Problem details ->
Copy the entries exactly, through the "Vintage Dexter 48910 knife - Picture 1 of 15" line.

Records from a data source:
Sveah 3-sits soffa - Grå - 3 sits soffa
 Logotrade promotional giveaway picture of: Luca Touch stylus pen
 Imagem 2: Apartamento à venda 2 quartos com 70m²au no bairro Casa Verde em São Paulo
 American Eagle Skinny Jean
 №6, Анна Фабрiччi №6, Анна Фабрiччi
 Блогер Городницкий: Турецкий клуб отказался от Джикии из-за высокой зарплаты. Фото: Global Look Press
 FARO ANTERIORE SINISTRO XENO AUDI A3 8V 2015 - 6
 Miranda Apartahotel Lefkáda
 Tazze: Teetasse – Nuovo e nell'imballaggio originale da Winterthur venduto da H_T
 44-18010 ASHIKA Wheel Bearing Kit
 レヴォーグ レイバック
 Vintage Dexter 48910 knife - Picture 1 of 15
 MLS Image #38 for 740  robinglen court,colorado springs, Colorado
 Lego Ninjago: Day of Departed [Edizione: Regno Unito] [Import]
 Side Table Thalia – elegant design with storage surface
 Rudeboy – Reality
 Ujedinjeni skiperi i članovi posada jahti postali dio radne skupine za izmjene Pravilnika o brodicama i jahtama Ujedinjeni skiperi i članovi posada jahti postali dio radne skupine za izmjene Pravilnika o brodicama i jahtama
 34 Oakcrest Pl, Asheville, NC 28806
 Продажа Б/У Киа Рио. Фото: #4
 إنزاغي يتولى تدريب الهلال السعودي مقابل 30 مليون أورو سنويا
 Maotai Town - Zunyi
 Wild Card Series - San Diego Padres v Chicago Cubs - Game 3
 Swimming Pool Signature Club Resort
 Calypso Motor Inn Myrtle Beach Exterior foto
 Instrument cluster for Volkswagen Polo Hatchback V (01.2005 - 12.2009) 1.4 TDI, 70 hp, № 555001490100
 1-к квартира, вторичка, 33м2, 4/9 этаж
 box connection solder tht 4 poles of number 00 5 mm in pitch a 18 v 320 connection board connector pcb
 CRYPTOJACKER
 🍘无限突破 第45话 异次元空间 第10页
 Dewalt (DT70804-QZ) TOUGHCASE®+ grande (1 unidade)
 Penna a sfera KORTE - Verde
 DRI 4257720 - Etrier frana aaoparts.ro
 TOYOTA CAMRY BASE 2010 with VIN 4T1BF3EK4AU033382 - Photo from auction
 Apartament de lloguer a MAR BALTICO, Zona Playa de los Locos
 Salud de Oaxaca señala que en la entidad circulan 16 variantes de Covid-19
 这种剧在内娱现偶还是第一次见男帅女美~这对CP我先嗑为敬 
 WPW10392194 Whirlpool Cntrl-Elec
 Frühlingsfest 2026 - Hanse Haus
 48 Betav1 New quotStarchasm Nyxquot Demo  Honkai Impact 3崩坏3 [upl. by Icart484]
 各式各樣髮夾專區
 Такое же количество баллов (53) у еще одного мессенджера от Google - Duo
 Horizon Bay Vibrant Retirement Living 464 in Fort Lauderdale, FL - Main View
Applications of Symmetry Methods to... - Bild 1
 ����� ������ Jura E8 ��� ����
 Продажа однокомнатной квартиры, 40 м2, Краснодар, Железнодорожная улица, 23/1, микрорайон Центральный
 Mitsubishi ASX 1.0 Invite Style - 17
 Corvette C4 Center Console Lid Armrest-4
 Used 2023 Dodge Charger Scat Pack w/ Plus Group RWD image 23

Finished exercise ->
Sveah 3-sits soffa - Grå - 3 sits soffa
 Logotrade promotional giveaway picture of: Luca Touch stylus pen
 Imagem 2: Apartamento à venda 2 quartos com 70m²au no bairro Casa Verde em São Paulo
 American Eagle Skinny Jean
 №6, Анна Фабрiччi №6, Анна Фабрiччi
 Блогер Городницкий: Турецкий клуб отказался от Джикии из-за высокой зарплаты. Фото: Global Look Press
 FARO ANTERIORE SINISTRO XENO AUDI A3 8V 2015 - 6
 Miranda Apartahotel Lefkáda
 Tazze: Teetasse – Nuovo e nell'imballaggio originale da Winterthur venduto da H_T
 44-18010 ASHIKA Wheel Bearing Kit
 レヴォーグ レイバック
 Vintage Dexter 48910 knife - Picture 1 of 15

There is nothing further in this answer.